In March 2008 issue, IEEE Computers published a case study on large-scale parallel scientific code development. I’d like to comment this article, a very good one in my mind.
Five research centers were analyzed, or more precisely their development tool and process. Each center did a research in a peculiar domain, but they seem share some Computational Fluid Dynamics basis.
What technologies are used ?
Although the centers are very different, they use a common set of technologies :
- The core langages are C/C++ or Fortran, and there is no surprise there, as these languages are portable accross platforms (if used correctly) and can be very fast, thanks to the evolution of the compilers.

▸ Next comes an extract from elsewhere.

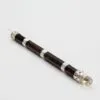 Bloodroot Soverign Wand -Extra Long Fancy Jasper Magic- Crystal Ball top - 26cm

- MPI is the glue used between processors, and nothing else (like OpenMP). This can be surprising, but using only one tool and the most generic one is to be expected. Too many tools for the same application leads to tensions between programmers and inside the different modules. With only MPI, programmers must rely on the implementation of the MPI library to optimize communication between processors that share memory, but it means that the programmers have more time tuning the application (a big issue in scientific code).
- For such large applications, everything must be modular, and even can be run separately. This enables teams to work only on part of the application.
- Version control is integrated into the developement, with either CVS or Subversion. There are no automatic tests prior or after the commits. The fact that there are tests (unit, integration, …) must one of the reasons these applications are still updated, upgraded and holding up over the years. Students are trained to test their code (I often see code that isn’t tested in research labs, even if tests would have caught a lot of “stupid” errors) in several ways, one does not test scientific code as a standard code.
- Every project uses well-known libraries like BLAS, LAPACK, the usual I/O, …
Whereas Computer Science (CS) students are taught how to write an application in an efficient way (robust but rapidly written), Scientific Computing (SC) students must develop fast algorithms in a short time. This is needed because parallel computation is used when a serial computation would take too much time, but even parallelized, these computations can take several hours or days.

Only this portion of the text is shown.